Okay, here's my FAVORITE Shetland Pony story. It was published in the local paper a few years ago. I laughed until I cried, literally. This man KNOWS what he's talking about!
SO YOU THINK YOU WANT TO PONY UP, HUH?
Mark Hinson, DEMOCRAT STAFF WRITER
The other day, as I sat outside a restaurant along scenic, 60-lane Capital Circle Northeast in Tallahassee, I noticed a pony ride that'd been set up in a lonely, dusty, strip-mall parking lot across the highway. The ponies looked sullen and cranky.
"I hate ponies," my friend Austin said. "The only people who like ponies never had one."I'd never considered this, but he was absolutely correct.
Austin grew up next door to a now-defunct pony farm in patriotic, slightly psychotic Jackson County. As a child, he cleaned stalls to earn money to waste on video games.
Occasionally, he and some neighborhood kids would chase down ponies and ride them bareback without aid of bridles.

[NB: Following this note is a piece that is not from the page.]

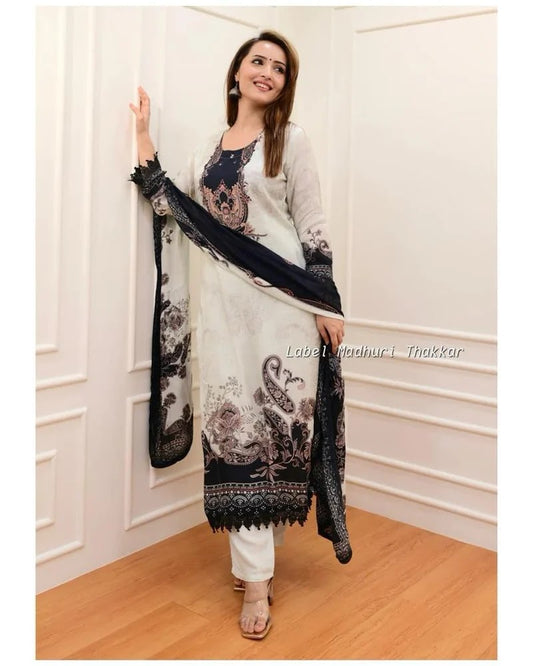 Regal Threads: Luxurious Pakistani Dress Selection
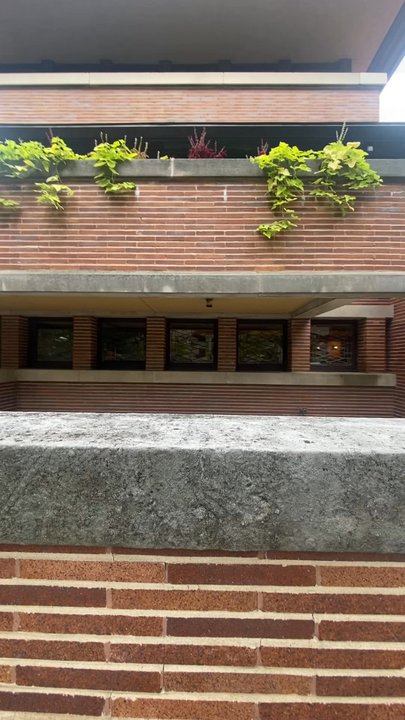 Frederick C Robie House - Even without paying the tour you can still see the outside. - Landmarks & Historical Buildings Near Me - Chicago, Illinois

"We'd grab hold of their manes and ride them until they threw us off," Austin said. "It was fun, but the hard part was catching the mean little (expletive that rhymes with plastered). It took a group effort, like Neanderthals hunting a mammoth. You had to tag team them. There was an art to it."
One day, during a guerrilla-raid pony ride, the pygmy equines exacted revenge.
"There was this kid, Fuzzy, who grew up to be a convicted arsonist," Austin said as he eyeballed the pony ride.
"Fuzzy made the tactical error of getting in between two of the ponies we were holding. One of the ponies spotted Fuzzy out of the corner of his eye and kicked him hard. Then the other pony kicked him right back. They just kept kickin' him back and forth. It was like pony badminton. I watched for as long as I could, and then I had to turn away."
After hearing Austin's tale of the unfortunate future arsonist, I suddenly remembered that I once had a Shetland pony. It was a Christmas gift. Nonreturnable.
Despite my faulty, NutraSweet-soaked memory, I can still remember the names of all the dogs, snakes, turtles, tarantulas, cats, skinks and frogs that I've owned since I was in kindergarten, but I cannot recall that rump-biting pony's name. I've blocked it out. It's a horse with no name. Let's just refer to him as Evil Blowfish Beast, or EBB.
EBB was smart and mean, a bad combo. Assuming you could trick the pony with snacks and cram the bridle bit in his mouth without losing fingertips, when you were fastening the saddle on his back, EBB would extend his belly like a puffer fish.
Later, during the ride, he would suck in his tummy, thus causing the saddle to become loose and slide. He would pick up the trot as the saddle slowly began rotating from the top of the horse to the transmission. Saddle horns should come equipped with eject buttons.
Attempted decapitation was EBB's other speciality. The newly built shed that EBB called home had sharp, low-slung, tin edges. EBB's favorite bedtime story was "The Headless Horseman." The-mad-dash-to-the-shed-of-death move was especially terrifying when EBB was trotted out for rides during birthday parties.
"Everyone has been to that birthday party where a pony runs off with some yowling, terrified reveler," Austin said. "The poor kid is always traumatized. Then his mom has to come pick him up early from the party."
As we sat in the restaurant staring at the ponies, we watched as a young family challenged death, leap-frogging across the eight lanes of traffic, trying to get to the pony ride. After a few near-misses by speeding semis, the family arrived, panting and shaken, and paid for the pony ride.
"Now is when the dangerous part begins," Austin said.